Ha appena aperto alla Fondazione Prada di Milano Cere anatomiche, in sintesi (appunto): i modelli di corpi realizzati in cera, e dunque delicatissimi, tra il XVIII e il XIX secolo alla Specola di Firenze, il museo di fisica e storia naturale probabilmente più antico del mondo, incontrano il mondo di David Cronenberg, fresco ottantenne che li mette al centro di Four Unloved Women, Adrift on a Purposeless Sea, Experience the Ecstasy of Dissection, un corto di 3 minuti e 54 secondi (un corto vero, mica come quelli di oggi) per sintetizzare e sintetizzarsi – forse il messaggio non era sufficientemente chiaro.

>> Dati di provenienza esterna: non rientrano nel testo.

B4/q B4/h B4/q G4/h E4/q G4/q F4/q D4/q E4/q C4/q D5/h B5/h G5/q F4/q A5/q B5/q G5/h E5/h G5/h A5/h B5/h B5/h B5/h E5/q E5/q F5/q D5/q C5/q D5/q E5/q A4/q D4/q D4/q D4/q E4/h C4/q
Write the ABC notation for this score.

Si capisce anche solo a leggerlo, che è un match made in heaven. La storia dell’uno (il museo) e dell’altro (il regista) s’intrecciano in quest’universo popolato di creature, esserini, feti, donne sventrate (ma con la collana di perle: nemmeno in una visione di Cronenberg, appunto). Oltre ad essere protagoniste del corto inedito dell’autore canadese, le creature umane e quasi divine sono pure esposte dentro le loro teche, in cui sembrano, a seconda dell’occhio di chi le guarda, cadaveri, reliquie, idoli, marionette, mostri.

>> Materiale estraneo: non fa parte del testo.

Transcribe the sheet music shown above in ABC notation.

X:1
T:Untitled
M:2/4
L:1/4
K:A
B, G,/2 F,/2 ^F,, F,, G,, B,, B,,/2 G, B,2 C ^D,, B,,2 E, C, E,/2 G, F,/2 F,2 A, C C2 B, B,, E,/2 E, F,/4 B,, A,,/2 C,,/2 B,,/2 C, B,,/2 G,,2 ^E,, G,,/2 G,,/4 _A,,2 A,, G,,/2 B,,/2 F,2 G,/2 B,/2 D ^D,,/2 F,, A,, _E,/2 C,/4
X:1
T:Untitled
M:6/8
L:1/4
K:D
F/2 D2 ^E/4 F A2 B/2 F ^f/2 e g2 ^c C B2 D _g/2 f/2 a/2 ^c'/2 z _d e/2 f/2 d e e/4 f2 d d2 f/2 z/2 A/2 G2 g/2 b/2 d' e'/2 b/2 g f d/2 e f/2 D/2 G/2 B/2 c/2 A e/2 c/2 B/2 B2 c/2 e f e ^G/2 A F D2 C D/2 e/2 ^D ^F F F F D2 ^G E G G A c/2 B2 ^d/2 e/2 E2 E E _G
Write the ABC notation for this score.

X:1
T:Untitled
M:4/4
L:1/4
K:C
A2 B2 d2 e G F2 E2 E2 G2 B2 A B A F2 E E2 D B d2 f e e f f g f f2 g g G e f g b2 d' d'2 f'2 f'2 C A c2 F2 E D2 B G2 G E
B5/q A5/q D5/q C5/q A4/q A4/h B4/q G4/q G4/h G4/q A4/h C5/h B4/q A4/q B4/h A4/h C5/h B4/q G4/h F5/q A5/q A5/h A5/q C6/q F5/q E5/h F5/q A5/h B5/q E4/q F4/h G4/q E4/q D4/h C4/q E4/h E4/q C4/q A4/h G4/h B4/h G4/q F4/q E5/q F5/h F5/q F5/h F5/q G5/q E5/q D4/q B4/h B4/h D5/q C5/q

Sono creature che si portano dietro un discorso sul femminile e lo psicanalitico che là – cioè nell’opera degli artigiani sette-ottocenteschi – era probabilmente casuale o inconscio e qua – ovvero nella libera traduzione del regista – è invece pienamente consapevole e chirurgico – nell’accezione, in questo caso, pure letterale.

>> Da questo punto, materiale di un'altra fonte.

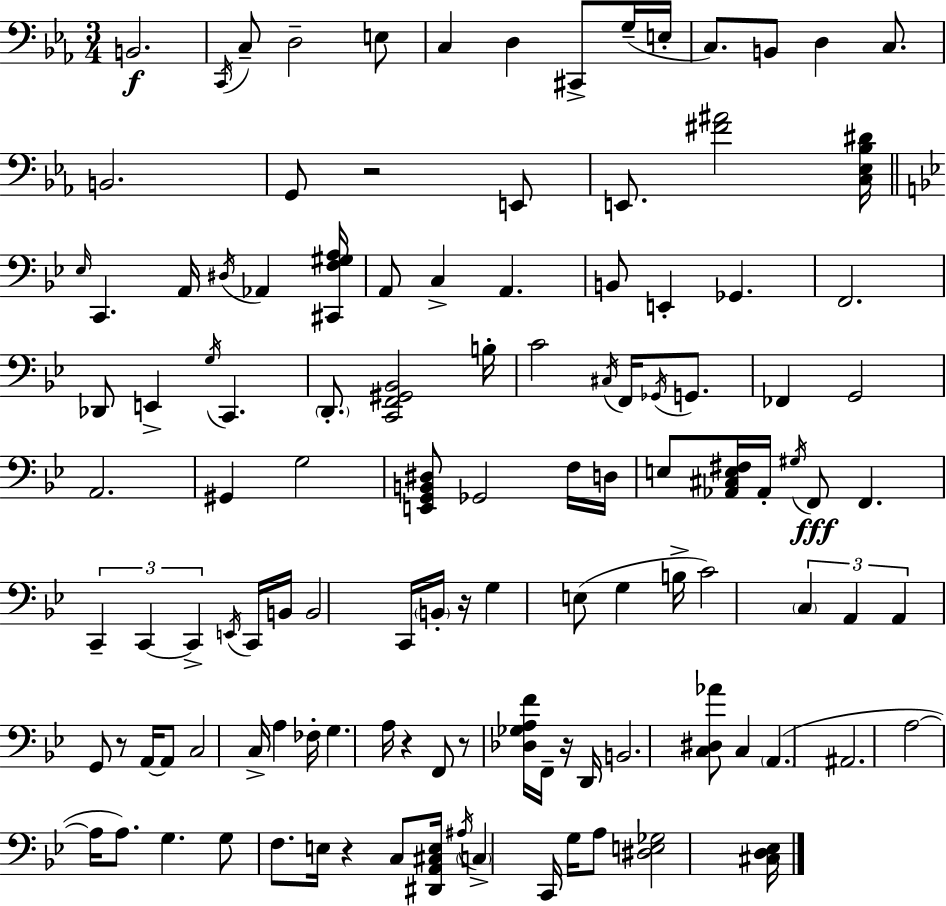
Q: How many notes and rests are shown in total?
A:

Foto: Roberto Marossi/Fondazione Prada

Ne esce una sintesi (poi la smetto, giuro) che parte dal mostruoso per arrivare – e tornare – all’umano. Un percorso eXistenZiale dove i corpi di queste donne sezionate, studiate, fino ad essere sublimate se ne stanno lì distese in piscina (CGI) come Barbie, ma anche sospese in quell’acqua quasi amniotica a rispondere alle solite domande che restano al solito aperte: chi siamo?, da dove veniamo?, eccetera.

La Specola aveva già collaborato con Wes Anderson per Il sarcofago di Spitzmaus e altri tesori, arrivata anch’essa alla Fondazione Prada, altra sintesi (è l’ultima volta, promesso) di una poetica, di un processo creativo, di un modo di intendere l’arte. Con Wes Anderson era la Wunderkammer che è, eternamente, il suo cinema; con David Cronenberg sono i corpi: nudi, inseparabili, violenti, futuribili, crashati. Da smontare e rimontare, come nell’ultimo (sottovalutatissimo) Crimes of the Future.

Ci voleva un lavoro lunghissimo – di realizzazione, di conservazione, di reinterpretazione – per arrivare a questo cort(issim)o che, in tre minuti, forse davvero ci spiega i demoni che abbiamo sotto la pelle.